Let's talk about another potential income stream for a musician, which is performance royalties. In theory, if my track gets played in a club by a DJ, the collection agency in that country will notice that that's happened. If I'm a member of this agency, they will pay me a proportion of their income for the year that reflects that. In what ways is this system imperfect or unfair?
Mat Dryhurst: It's really tricky. The main challenge is you have collection societies who have this ambitious goal or mandate to regulate all music and make sure that everyone gets paid well. Which I think just doesn't work. I'm sure if you go speak to someone at GEMA or ASCAP, there are bright people who are trying their very best to make it work, but there's just too much information there.
Hypothetically, you or I go DJ in a club and we play this record and then that person's registered, then they get fairly compensated. It doesn't work like that. What ends up happening is Paul McCartney or someone ends up getting that money. There's an organisation called BMAT in Barcelona who I think are doing a great job in the sense that they want to register more works, and kind of be another intermediary to help at least identify the works.
They offer a technology, right? A box of some kind?
Mat Dryhurst: Exactly, it's a hardware box that you can place in clubs. Similarly, YouTube is trying this with fingerprinting technology. I noticed that Richie Hawtin and Pioneer started an initiative many years ago called Get Played, Get Paid. I don't know what the status of that is, it's a very noble initiative, particularly coming from someone who presumably makes a very healthy living from playing other people's music. The fact that he would come forward and try and be the figurehead of that, I think is very noble on his part.

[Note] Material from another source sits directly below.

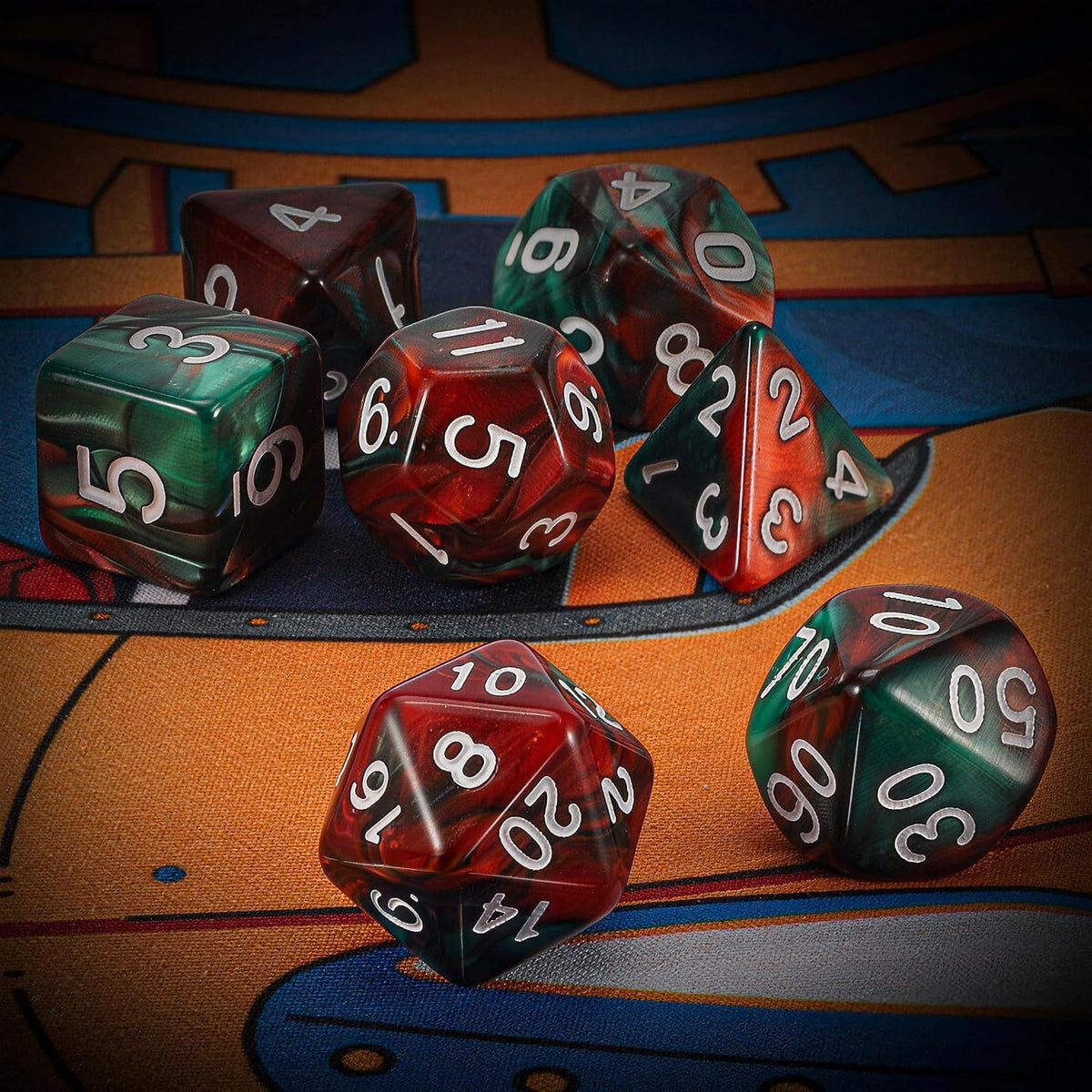 QMAY DND Dice Set - 7Pcs Blue Mix White Polyhedral Dice with Black Dice Bag – Fun for Kids & Family - Red and Green - image 3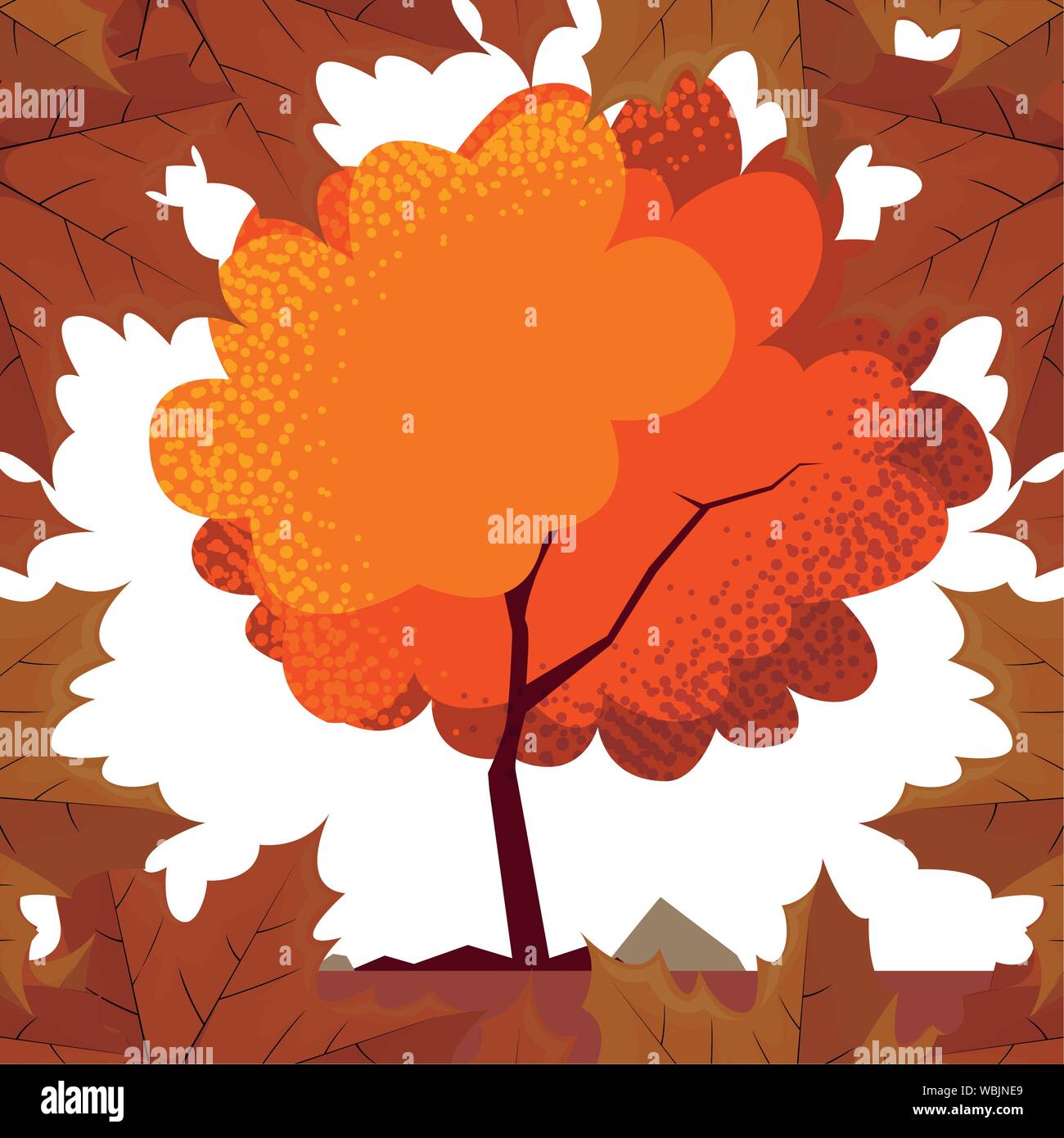 happy autumn season tree with falling leaves vector illustration Stock ...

What concerns me is that the project doesn't appear to have gained very much traction. Now, I might be wrong about that. But what that tells me is less that their intentions were compromised and more that, like with streaming, retrofitting a bad infrastructure to try and become a good infrastructure is a whole bunch harder than creating a good infrastructure from scratch. I'm more concentrated on thinking about building an entirely parallel different system, that can somehow legally not be crushed by the fact that a lot of the collection agencies are state-protected. I think we might agree that our inability as a community to compensate people for their honest labour needs to be resolved. It's an embarrassment.

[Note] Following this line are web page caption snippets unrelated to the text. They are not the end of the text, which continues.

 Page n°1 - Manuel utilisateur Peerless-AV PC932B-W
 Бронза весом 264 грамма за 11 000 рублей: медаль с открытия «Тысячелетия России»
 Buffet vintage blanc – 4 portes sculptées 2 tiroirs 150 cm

Mat's cynicism about the royalty collection system is something that I and many musicians share. There are some ways to earn OK money through the performing rights organisation—that is, for example, PRS in the UK or GEMA in Germany. Peak-time plays on a national radio station, for instance, can lead to decent payouts, but plays of your track in clubs and at festivals rarely translate into much income.
Many electronic musicians are so disillusioned about the system that they don't even bother to sign up to their local PRO, but maybe change is on the horizon. The Get Played, Get Paid campaign was launched in 2014 by the Association For Electronic Music with Richie Hawtin as its figurehead.
After an initial burst of publicity, the campaign hasn't exactly been high profile, but in a sense it's had and continues to have success. Its primary goal is to change the way that performance data about electronic music is collected from an old imperfect model, which puts most of the money in Paul McCartney's pocket, to a more precise method using new music recognition technology.
To find out more, I spoke to Liz Muirhead from BMAT, one of several companies promoting this new technology. Liz is also involved with the Association For Electronic Music, the organisation behind Get Paid, Get Played.
In theory, if say my track is played by a DJ at a club, I get paid for it. Could you talk a little bit about how that mechanism has traditionally worked?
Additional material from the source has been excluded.